Funny how so many porn tapes of all persuasions got stuck in VCRs, and
they never requested them back :)
I once replaced 12 parts in a VCR before finishing the repair, then was
told it was hit by lightning.
I had a nice situation, supposedly an independent contractor, although
all the work was done in his shop, used his part inventory and manuals,
(large selection of many brands). I worked any hours I wanted, and had a
pretty good shield from the crazy public. Had a 60/40 split until $800
then it went to 50/50.
Once had a complaint the remote didn't work, no problem found,
customer took unit home, set it up and remote didn't work. I went
through a few different things and then recalled an article I recently
read about some light bulbs (fluorescent?) that were overloading the
infrared sensors making the remote unusable. I told the customer to shut
the light off, it worked.
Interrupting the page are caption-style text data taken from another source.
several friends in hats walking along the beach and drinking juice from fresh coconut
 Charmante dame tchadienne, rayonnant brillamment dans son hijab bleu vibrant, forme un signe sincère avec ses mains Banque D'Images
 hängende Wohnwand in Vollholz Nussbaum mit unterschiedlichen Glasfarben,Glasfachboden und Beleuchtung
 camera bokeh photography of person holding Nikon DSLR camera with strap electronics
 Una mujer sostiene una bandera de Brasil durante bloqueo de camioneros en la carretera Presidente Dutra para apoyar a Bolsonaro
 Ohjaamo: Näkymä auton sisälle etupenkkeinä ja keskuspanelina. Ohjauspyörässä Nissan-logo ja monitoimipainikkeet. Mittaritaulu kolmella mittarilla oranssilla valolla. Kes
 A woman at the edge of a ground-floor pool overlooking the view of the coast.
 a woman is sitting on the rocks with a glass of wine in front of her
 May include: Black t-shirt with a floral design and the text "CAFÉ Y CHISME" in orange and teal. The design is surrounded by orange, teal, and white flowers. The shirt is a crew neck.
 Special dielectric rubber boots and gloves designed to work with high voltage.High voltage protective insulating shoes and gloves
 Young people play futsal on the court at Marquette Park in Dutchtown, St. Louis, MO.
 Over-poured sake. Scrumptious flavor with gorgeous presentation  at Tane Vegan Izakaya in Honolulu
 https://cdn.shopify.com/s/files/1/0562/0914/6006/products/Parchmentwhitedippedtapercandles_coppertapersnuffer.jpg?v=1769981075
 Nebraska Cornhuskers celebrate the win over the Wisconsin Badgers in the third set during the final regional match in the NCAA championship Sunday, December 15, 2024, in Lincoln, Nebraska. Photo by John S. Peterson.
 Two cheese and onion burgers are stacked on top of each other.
I suggested he could make a shield over the
sensor so the light didn't hit it.
I got my start around 1974, with 1/2 inch reel to reel Sony VTRs, AV
3600, and AV3650 with flying erase head! :)
Then came the top loading RCA with the florescent blueish display.
https://www.youtube.com/watch?v=SAJ94SEVBTw
Then we started with the Sony 3/4" Umatic VCR.
http://www.rewindmuseum.com/umatic.htm
I had several other repair jobs before I got into consumer repair
of VCRs just at the right time, VCRs were just getting popular. The VCR
revolution propelled several retail chains to large growth. ABC
Appliance, Fretters and a third I can't recall the name of. We did
warranty and service contracts for all three. I was crazy busy, one week
after Christmas, I did 124 VCR repairs and billed just over $6,000.
I did great during the Reagan administration!
Got to go, if I think of some other repair stuff I'll post again.
Mikek

Was the other company Highland Electronics? When they went up against
Best Buy, they took a royal thrashing.

That's it! Highland was a bigger store in my area. I must have been
out of VCR repair before Best Buy arrived. I never saw one in Lansing
Michigan.
Mikek
Mikek


I was at Best Buy's headquarters in Minneapolis when Highland entered
the Twin City market. Going head to head against Best Buy was their
downfall even though their stores looked nice, tv ads were ok and
their prices weren't bad. Chuck

They had Highland in Chicago. There was also Fretter and Silo, although I
don't recall if they existed at the same time.